Words by Elsa Cavazos, Edited by Freddy Jimenez
In November of 2021 the U.S.-Mexico border reopened its doors to non essential travelers, an important element of border culture, which had been missing for almost two years.
Alondra Vasquez, from Brownsville, said her mother who sells cowboy boots among other items at the 77 Flea Market in Brownsville was affected directly by the ban. So were her employees.
“The majority of her employees come to the U.S. with a Visa and some are U.S. citizens but live in Mexico.

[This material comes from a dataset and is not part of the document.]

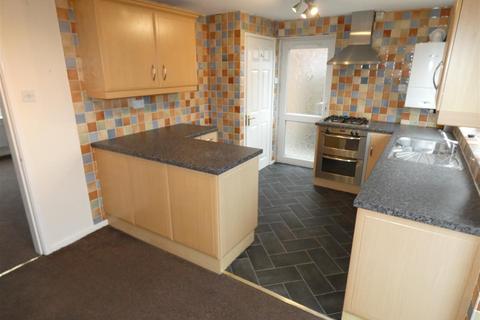 3 bedroom house to rent, Byron Avenue, Warton PR4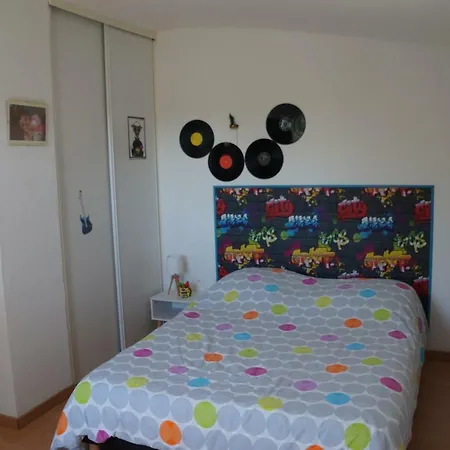 L'hirondelle Chez L'habitant Homestay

When the border was closed but the 77 Flea Market was open she didn’t have enough employees,” Vasquez said.
According to her, the majority of the employees who work in the flea market are not U.S. citizens or live in Brownsville.
“Because she didn’t have enough employees she had to work a bit more than before which was bad because she suffers from arthritis so it affected her health. She also used to get home really late from work since there were less employees so they would take longer to put the things away.” she said.
Since the reopening, her mother has been able to rehire two of her previous employees.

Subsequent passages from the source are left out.